While the liberal PO dominates the political scene in Poland’s largest cities, ruling nationalists Law and Justice (PiS) have won over people in the countryside with conservative policies on issues such as LGBT rights and immigration combined with generous social spending.
However, farmers have become disenchanted with the government, in part because of an influx of cheap agricultural products from neigbouring Ukraine, and Michal Kolodziejczak from the AGROunia campaign group has become the most recognisable face in a wave of anti-PiS protests.
Kolodziejczak will stand for AGROunia as part of the PO-led Civic Coalition (KO) grouping in the central Polish town of Konin.
“The decision to start together with KO was not easy, but we have to show that, despite different views, we look in one direction – the future of Poland is strong, rich and built together,” he said. “We will take back the countryside from PiS.”

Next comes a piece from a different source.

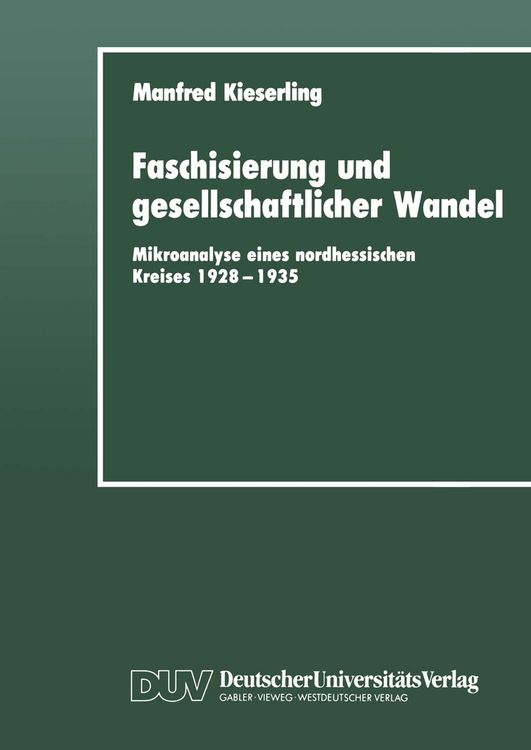 Produktbild: Faschisierung und gesellschaftlicher Wandel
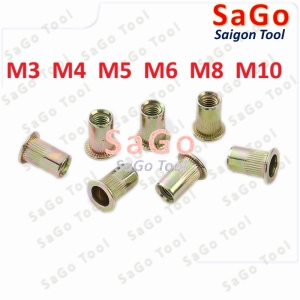 Tán ecu rút thép mạ size M3 M4 M5 M6 M8 M10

According to an Ipsos poll, in Poland’s last parliamentary elections in 2019, 56.4% of people in the countryside voted for PiS while 16.9% voted for KO.
Government spokesman Piotr Muller said that Kolodziejczak had “betrayed the Polish countryside” and that he had previously criticised KO leader and former prime minister Donald Tusk for “setting Poles back several centuries” with policies that forced many to emigrate in search of better pay.
Tusk on Wednesday also said that Poland’s former human rights ombudsman Adam Bodnar would stand for KO in the election to Poland’s upper house of parliament, the Senate.
Bodnar has been a leading critic of PiS reforms that the opposition say have politicised the judicial system.